The Dallas BBB has asked NarcThatCar to prove that the database of license plate numbers it's collecting is indeed a valuable asset. On its Web site, the firm claims to have signed a "six-figure contract” with a lien holder company, but has yet to provide the requested details, Kopko said.

Narc Technologies -- which also uses the name Crowd Sourcing International -- charges associates a $100 sign-up fee and a $25-a-month fee for hosting a Web site about the product. Members who "sponsor" other new sign-ups earn a percentage of the fee.

A message left with Narc Technologies was not returned. An associate of the firm who requested anonymity said the BBB rating was “undeserved” and stated that the firm has paid its associates several times. He also said the firm has several clients who pay for access to their data.

Kopko said a firm cannot pass the legal test for being an MLM – the requirement of substantial product sales -- simply by requiring new signups to buy a product.

"The question is: Would people be making more money from recruiting others rather than actual sales?" Kopko said.

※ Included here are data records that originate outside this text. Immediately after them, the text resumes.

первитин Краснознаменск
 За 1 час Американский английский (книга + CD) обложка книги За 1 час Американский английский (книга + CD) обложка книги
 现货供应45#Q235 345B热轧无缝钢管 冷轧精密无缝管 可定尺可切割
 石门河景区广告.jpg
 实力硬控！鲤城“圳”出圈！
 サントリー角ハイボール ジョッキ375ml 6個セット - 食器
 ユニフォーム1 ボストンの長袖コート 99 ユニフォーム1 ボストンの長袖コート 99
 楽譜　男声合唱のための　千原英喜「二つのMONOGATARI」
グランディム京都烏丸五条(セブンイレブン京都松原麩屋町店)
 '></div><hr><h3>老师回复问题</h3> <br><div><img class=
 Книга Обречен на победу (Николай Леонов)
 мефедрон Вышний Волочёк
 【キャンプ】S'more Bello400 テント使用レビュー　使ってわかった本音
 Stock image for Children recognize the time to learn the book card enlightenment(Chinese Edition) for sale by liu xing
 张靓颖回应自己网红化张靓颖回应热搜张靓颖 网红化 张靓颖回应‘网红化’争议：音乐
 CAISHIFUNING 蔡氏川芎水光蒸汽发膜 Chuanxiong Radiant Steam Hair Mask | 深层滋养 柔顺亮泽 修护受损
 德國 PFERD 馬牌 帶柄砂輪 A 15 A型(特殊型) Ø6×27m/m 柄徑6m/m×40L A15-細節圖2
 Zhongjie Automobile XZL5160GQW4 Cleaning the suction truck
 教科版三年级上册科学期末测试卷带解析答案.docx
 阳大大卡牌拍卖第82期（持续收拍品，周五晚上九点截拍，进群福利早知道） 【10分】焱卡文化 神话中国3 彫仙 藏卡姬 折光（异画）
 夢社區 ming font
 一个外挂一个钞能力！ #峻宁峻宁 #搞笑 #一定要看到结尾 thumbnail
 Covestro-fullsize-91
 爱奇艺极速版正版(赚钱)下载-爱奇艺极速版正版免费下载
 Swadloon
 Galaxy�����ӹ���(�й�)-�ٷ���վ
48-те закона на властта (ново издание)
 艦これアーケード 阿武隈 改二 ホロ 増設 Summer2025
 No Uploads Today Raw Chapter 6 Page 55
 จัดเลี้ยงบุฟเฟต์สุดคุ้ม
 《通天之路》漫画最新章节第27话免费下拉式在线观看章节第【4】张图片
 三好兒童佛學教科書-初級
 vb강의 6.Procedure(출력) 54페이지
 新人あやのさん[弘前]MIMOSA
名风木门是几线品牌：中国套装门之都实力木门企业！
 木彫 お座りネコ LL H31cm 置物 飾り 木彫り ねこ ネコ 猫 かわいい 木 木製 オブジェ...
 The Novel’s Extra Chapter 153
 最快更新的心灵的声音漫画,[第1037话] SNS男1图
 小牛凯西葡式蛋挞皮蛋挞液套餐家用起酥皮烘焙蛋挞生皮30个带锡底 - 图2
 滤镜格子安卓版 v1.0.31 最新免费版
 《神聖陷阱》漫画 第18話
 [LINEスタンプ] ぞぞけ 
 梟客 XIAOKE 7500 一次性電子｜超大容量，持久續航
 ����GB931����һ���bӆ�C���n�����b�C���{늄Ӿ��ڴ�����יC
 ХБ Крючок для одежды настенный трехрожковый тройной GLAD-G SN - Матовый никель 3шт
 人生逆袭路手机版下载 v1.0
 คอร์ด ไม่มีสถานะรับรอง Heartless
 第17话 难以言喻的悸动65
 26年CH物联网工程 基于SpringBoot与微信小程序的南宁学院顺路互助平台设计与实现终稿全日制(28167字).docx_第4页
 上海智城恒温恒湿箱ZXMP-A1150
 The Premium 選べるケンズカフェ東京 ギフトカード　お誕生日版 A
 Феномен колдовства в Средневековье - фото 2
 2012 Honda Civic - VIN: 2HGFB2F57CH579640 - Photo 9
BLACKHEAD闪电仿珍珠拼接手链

That's the same question facing Data Network Affiliates.

Anthony, of Data Network Affiliates, bristled at the notion that some consumers might laugh when the suggestion is made that they could earn money just by writing down license plate numbers.

"You wouldn't put it like that," he said. The firm is the business of collecting and selling data, he argued, and plans numerous ways to monetize the information. "As far the plates, that's just a fun way to attract individuals. “

RED TAPE WRESTLING TIPS

It's often hard to tell the difference between a legit business and an illegal scheme -- particularly because firms are so good at skipping along the outside edge of the law. But here are some tips, courtesy of the Texas state attorney general's office.

* Ask about average monthly product sales for reps. If sales are disproportionately low, you’re probably talking about a total scam.

* Ask about product returns policies if you are required to pay upfront for merchandise. Laws vary, but in Texas, the firm must be willing to refund 90 percent of your inventory cost.

* Be wary of any firm that requires you to pay money to work for them and make them money.

* Be wary of high-pressure “business opportunities” in hotel seminars or meetings at a person's home. In Texas, and many other states, "regret laws" allow consumers to cancel contracts signed at such events for up to 72 hours.